It’s definitely made us stronger now doing it. There were points where we were like, “Maybe we can’t and we’re not as compatible as we thought.” The environment you’re in is really important to how you connect with someone. You can have a great relationship but if you have a really bad environment, where you don’t have enough space to be apart or to do your own thing, all the little things piss you off more than they normally would.

Bel Are You Getting Any

Bel moved in with her boyfriend at the start of lockdown.

You mentioned that the beginning of lockdown messed with your sex life. What happened?
Yeah, it definitely did because we weren’t really having sex during lockdown.

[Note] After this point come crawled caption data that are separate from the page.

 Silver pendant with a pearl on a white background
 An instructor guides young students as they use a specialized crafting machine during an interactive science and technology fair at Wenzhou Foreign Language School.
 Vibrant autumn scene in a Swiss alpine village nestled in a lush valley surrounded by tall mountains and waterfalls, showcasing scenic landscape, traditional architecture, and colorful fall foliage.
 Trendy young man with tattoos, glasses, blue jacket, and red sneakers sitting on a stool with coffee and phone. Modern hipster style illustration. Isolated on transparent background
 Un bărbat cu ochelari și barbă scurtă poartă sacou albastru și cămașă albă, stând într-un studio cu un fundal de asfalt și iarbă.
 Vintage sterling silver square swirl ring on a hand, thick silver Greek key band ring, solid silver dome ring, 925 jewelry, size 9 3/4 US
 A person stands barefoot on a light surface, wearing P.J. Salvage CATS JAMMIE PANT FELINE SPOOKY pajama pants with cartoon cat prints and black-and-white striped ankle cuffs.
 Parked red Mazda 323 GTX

It’s kind of funny, I was reading a lot of articles even in VICE of people saying that they were so horny during lockdown and that they couldn’t wait to get out and have sex again. I was like, “I never want to have sex again!” It was a chunk of things. I wasn’t feeling myself, I wasn’t confident in myself because I hadn’t been going out and started gaining a bit of weight. I lost who I was for a little bit. He was really supportive through it all and he understood why I wasn’t in the mood when he was. It did put a bit of a strain on our relationship, I think we went two months without having sex. I think that’s a lot of time, my friends were really shocked about that.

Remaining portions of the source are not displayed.